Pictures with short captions
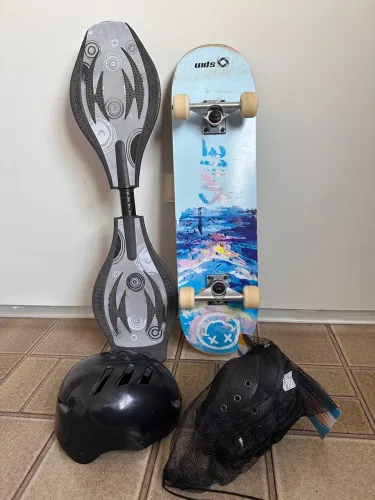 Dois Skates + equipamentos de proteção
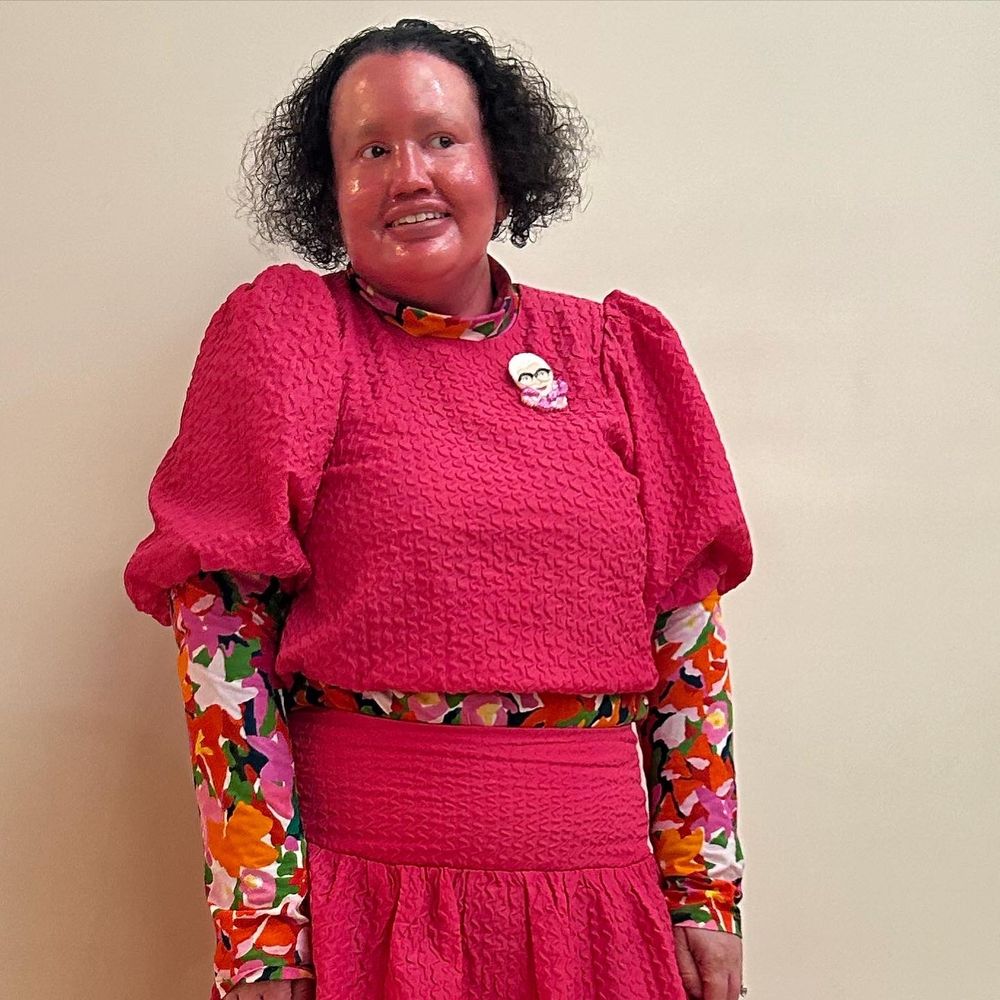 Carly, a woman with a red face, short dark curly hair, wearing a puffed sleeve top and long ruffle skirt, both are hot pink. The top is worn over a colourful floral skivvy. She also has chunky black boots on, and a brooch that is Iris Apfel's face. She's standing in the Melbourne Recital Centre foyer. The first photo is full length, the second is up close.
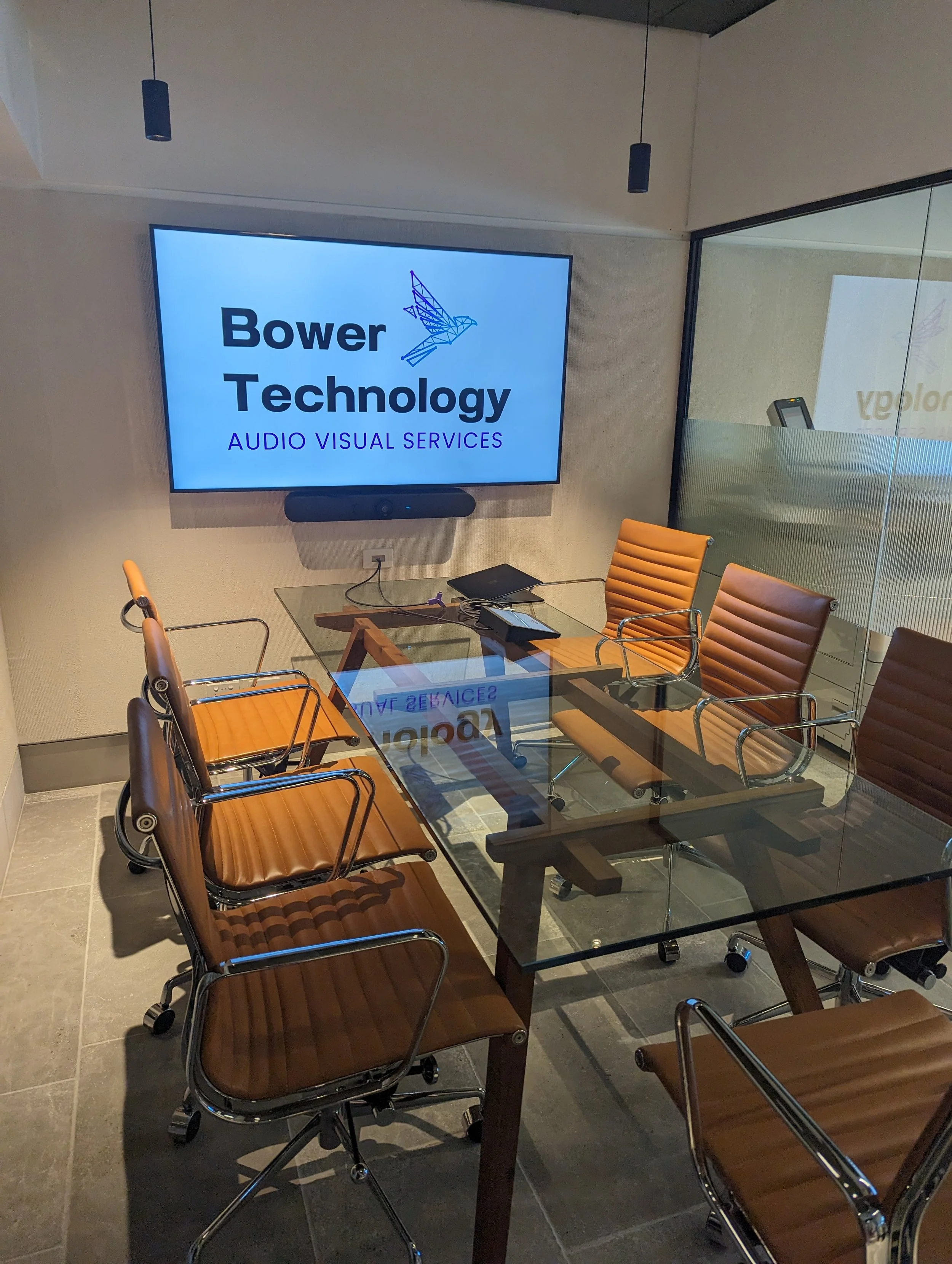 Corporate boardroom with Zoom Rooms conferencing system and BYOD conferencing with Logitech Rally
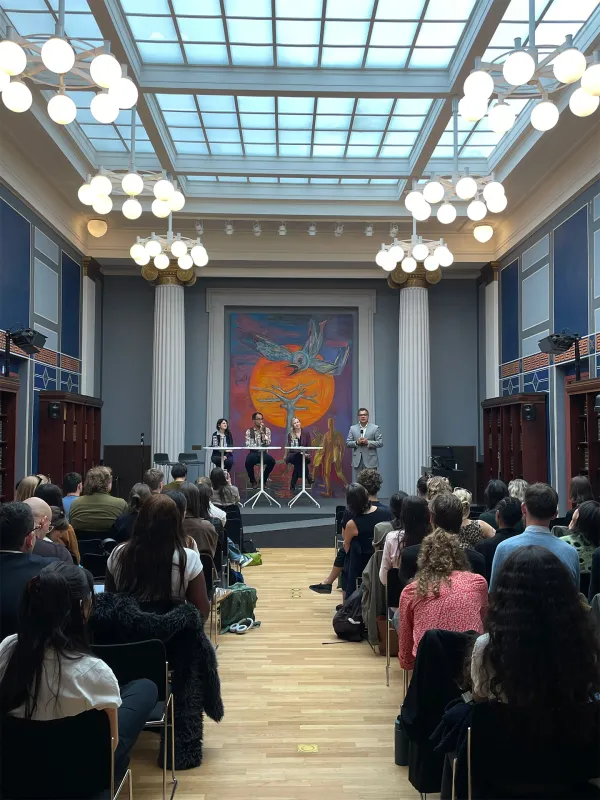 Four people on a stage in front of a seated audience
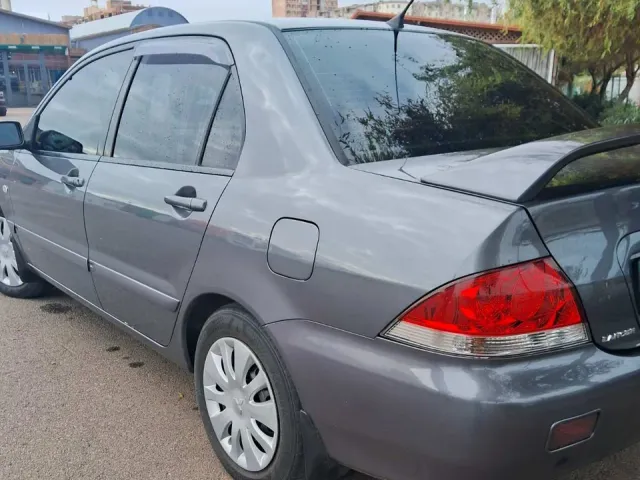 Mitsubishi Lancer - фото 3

** REQUIRED WORK **
Pictures must be left out of the answer, which should be exactly the lines from the one holding "Four people on" through the last line of the entries above, both included; please add nothing.

** SOLUTION TO THIS TASK **
 Four people on a stage in front of a seated audience
 Mitsubishi Lancer - фото 3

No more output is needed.